Securing Your Business with Non-Disclosure Agreements

Non-disclosure agreements can help businesses protect their intellectual property and other critical information. It’s important for businesses to make sure that these agreements are correctly drafted, however. This article looks at the different aspects to pay attention to while drafting non-disclosure agreements.

A non-disclosure agreement, or an NDA, is a legal tool employed by businesses. They help prevent the people they come into contact with from sharing with others information they may gain over the course of their dealings. For example, an entrepreneur may have potential investors sign an NDA to help make sure they don’t leak business secrets that they learn about during their interactions. Business NDAs usually attempt to protect confidential client lists, order histories, technology, process information, marketing strategies, and so on. When NDAs are violated, their enforcers are able to legally require the payment of damages.

Employees and freelancers are often asked to sign NDAs to help ensure that they don’t spill employer secrets when they leave to work for competitors. It isn’t unusual for employers to go even further, and have employees sign non-compete agreements. These agreements keep employees, once they leave, from working for competitors for months.

Are NDAs legally enforceable

Business NDAs are routinely enforced in Oregon. It’s important to remember, however, that these documents need to be correctly drafted if they are to be legally binding. They may be set aside in situations in which the courts find them to be excessively wide in their scope. For instance, if you have an employee sign an NDA that bars them indefinitely from using the knowledge they gain working at your company, the courts may consider the agreement non-binding. An agreement that runs for a specific period of time, on the other hand, would be enforceable.

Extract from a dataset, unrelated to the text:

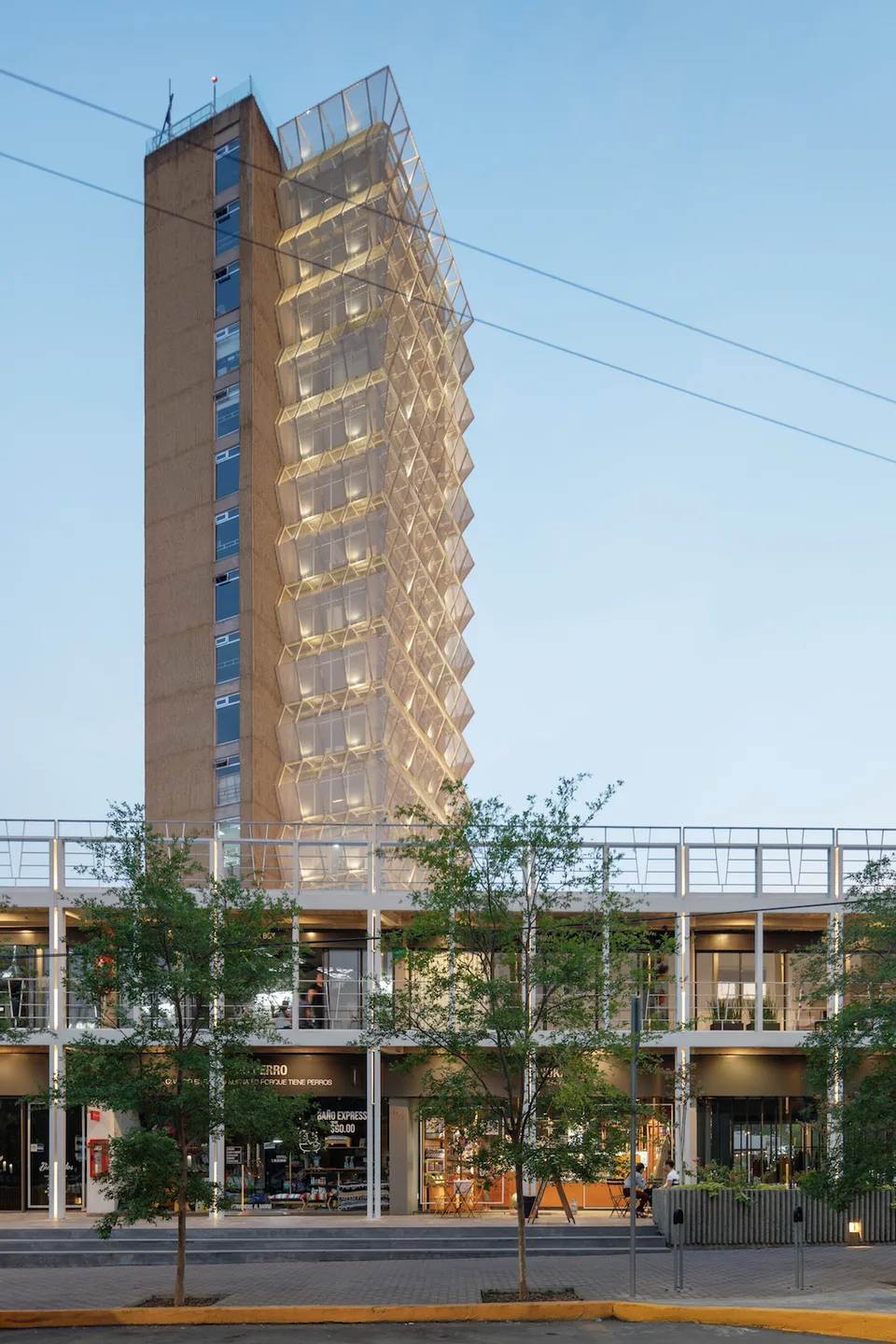 Torre corporativa de oficinas SIGOB® al atardecer, edificio en forma de L con fachada de celosía dorada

Businesses need to create NDAs tailored specifically to their requirements, rather than use generic NDAs. Including a list of examples can help make these documents legally valid.

What do you include in an NDA?

NDAs don’t need to be complicated and all-encompassing to be enforceable. Rather, reasonably narrow restrictions tend to come with greater enforceability. Businesses, in general, include many of the following clauses in their NDAs. It would make sense to work with an attorney at business law to draw up a document that is meaningful for your situation.

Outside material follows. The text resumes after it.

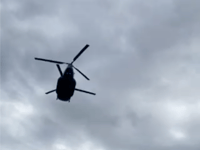 Watch the incredible moment a Chinook flies just metres over golfers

Naming the parties involved: This is a simple description of the business that aims to protect itself, and the persons or entities that are required to maintain confidentiality.

A definition of the information to be protected: It’s important to carefully think about what specific kinds of information are to be guarded, and to name them.

Exclusions: NDAs often include descriptions of the things considered non-confidential — skills learned while on the job, information that is widely known, and so on.

An end date: Open-ended NDAs that appear to require nondisclosure for an indefinite period of time can be unenforceable. The courts require NDAs to be reasonable in this area, even if reasonableness isn’t a precisely defined concept.

Many businesses possess unique ideas, insights, or technologies that give them an upper hand in their industry. A non-disclosure agreement could help you protect your business in these areas. It’s important, however, to make sure that such an agreement is correctly drafted. Not only does working with a business law attorney make sense, doing so could help you identify potential oversights in your NDAs, as well.